My last column on reconciliation was inspired by a Mission talk by Father Eugene O’Reilly. In his presentation, Father Eugene stressed our heavenly Father’s unlimited mercy and not only his ability, but his true desire, to forgive our sins.

In addition to outlining the fact that Christ died for our sins and was led to the cross for claiming that he could forgive them, Father Eugene also shared some of his personal stories.

One such story involved one of his three sisters who experienced a conflict with another sister. Following the deaths of their parents 18 years previous, she told her siblings that she wanted nothing to do with them and severed her family ties. 

Father Eugene didn’t know, or at least didn’t share, the details of what had happened, but his voice and his words bore deep pain. He shared the sorrow of realizing that his young nephew is now a grown man he doesn’t even know.

He went on to tell us that his estranged sister had recently phoned and left him a voicemail. Rather than reacting with joy, his initial reaction was one of frustration.  Father Eugene then reflected on the parable of The Prodigal Son.

As we know, in that story, the father readily celebrates the return of his lost son; however, the son who was faithful to the family becomes deeply distressed at the situation.

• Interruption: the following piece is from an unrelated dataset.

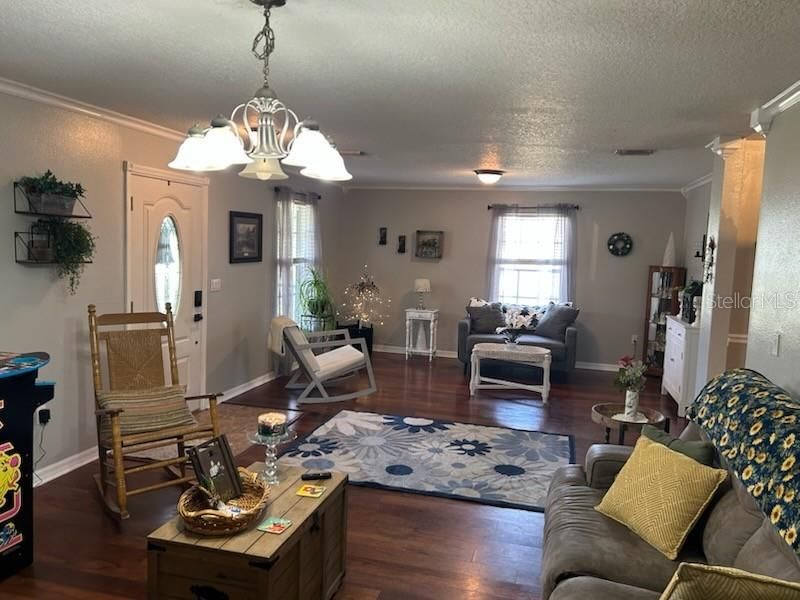 待售: $395,000 (3 贝兹, 2 浴室, 1792 平方英尺)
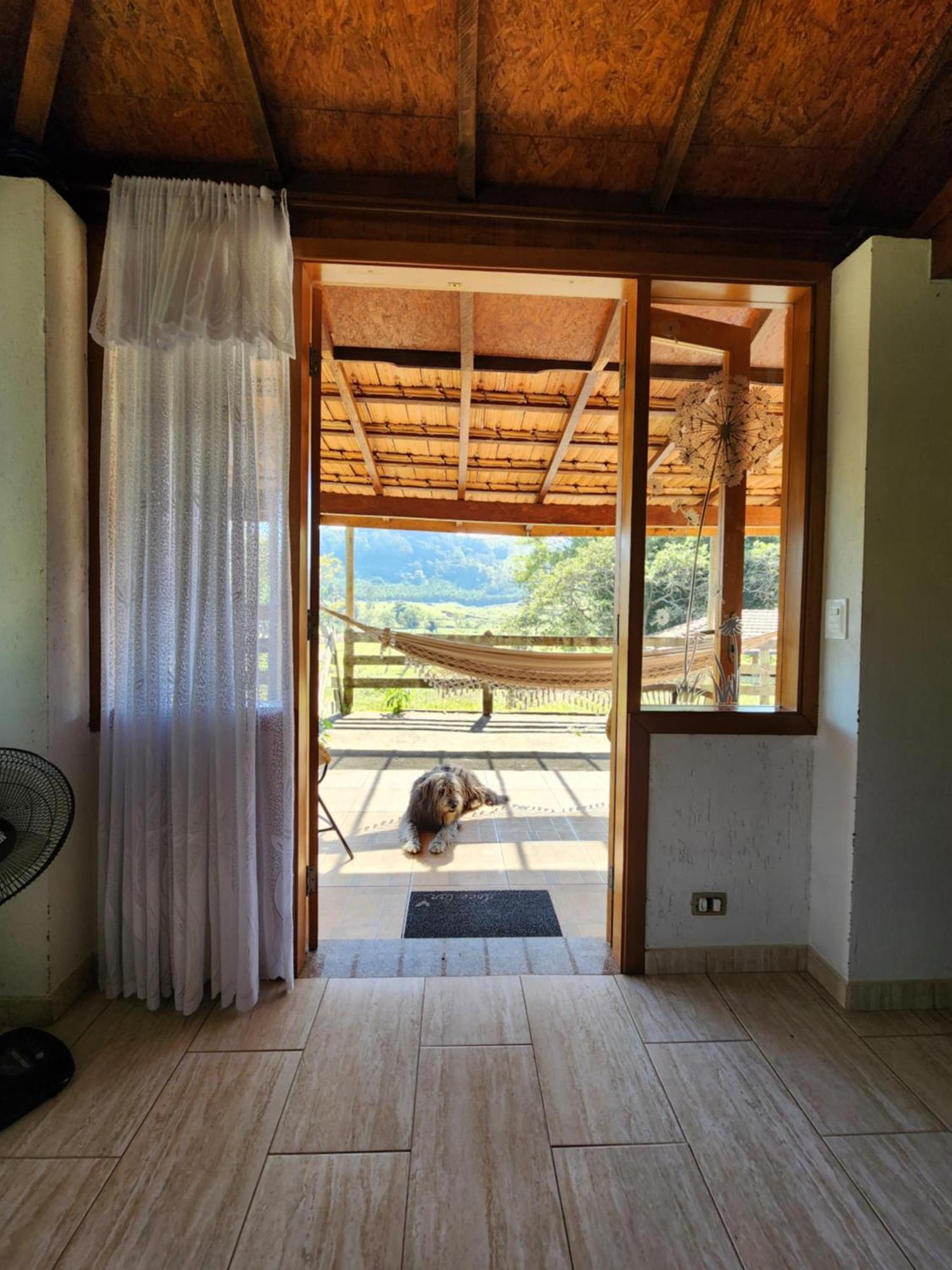 Joao-de-barro Chalet *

First, he is upset that his brother has had the nerve to return in spite of his transgressions. Secondly, he can’t believe that his father is merciful, and willing to erase the slate, so to speak.

Using his own story as an example, Father Eugene illustrated the importance – and challenge –  of truly forgiving others. His powerful words have resonated with me ever since: “Never slam the door of your heart shut.”

Father Eugene’s family story and the words above really touched me because of an incident with a loved one of my own. After holding on to hurt for several years, I recently decided that in order to forgive I had to try to forget, and stop spending emotional energy on the situation. When Father spoke the words about never “slam[ming] the door …” I realized that in trying to protect myself from hurt that was exactly what I had done. Where is the forgiveness in blocking my heart to another? Where is Christ’s love there?

Father Eugene admitted that, in keeping the doors of our hearts open, we are at risk. We “may get hurt again,” but we should never completely shut people out. Christ understands that pain, and Christ modelled the fact that everyone – even those who crucified him – were deserving of mercy. In Father Eugene’s words, Christ pleads, “Look at my wounds … I, too, bear the wounds of (hurt).”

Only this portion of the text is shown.